'Top of market' called by leading Dutch investor

The peak of the Dutch property market has been called by one of the leading investors in the Netherlands.

Bouwinvest, a €12.1 bn pension fund investor, says in its new market outlook report for the period 2020-2022 that it believes the Dutch market is at its peak – or fast approaching it – and that this high will last for three more years.

Fuelling the boom is a shortage of supply and sustained international capital flows into the country.

The office asset class has lost its crown to residential - around €6 bn of the firm's €12.1 bn portfolio is in housing - as the most popular destination for investor capital in the Netherlands. And the company predicts Dutch secondary cities will rise in prominence in response to market conditions, along with alternative segments such as healthcare, student housing and senior living.

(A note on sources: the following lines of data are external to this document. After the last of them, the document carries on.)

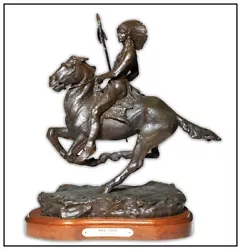 Buy Peter Fillerup Original War Chief Bronze Signed Sculpture Native American Art • 4,653.27£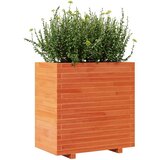  Vrtna sadilica voštano smeđe boje 70x40x72 cm od borovine | shoptok.hr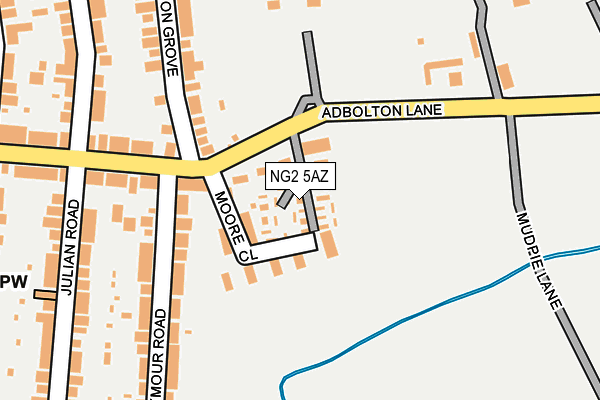 NG2 5AZ map - OS OpenMap – Local (Ordnance Survey) NG2 5AZ map - OS OpenMap – Local (Ordnance Survey)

Dick van Hal, CEO of Bouwinvest, said: ‘Initial yields and yield spreads are stabilising in this late stage of the cycle, and institutional investors, especially, are finding it increasingly difficult to generate the returns they need.

‘The long-term forecast for both residential and offices is that demand will remain stable and that is underpinning investment into these sectors. A select number of investors are, however, looking at higher-yielding alternative niche property segments such as healthcare, student housing and senior living, where there are attractive growth opportunities. As these niches mature, they are becoming more professionalised.

‘Our investment strategy for the Netherlands remains primarily focused on affordable housing in the Holland Metropole, or Randstad, area in the west of the country and we are actively looking for plots for new development or redevelopment opportunities.

‘For new residential product, we are also looking beyond the well-beaten investment paths in towns close to the large Dutch cities such as Zaanstad, Delft, Zoetermeer and Hoofddorp, where there is ample demand for housing and where it is possible to secure more attractive initial yields with new developments.’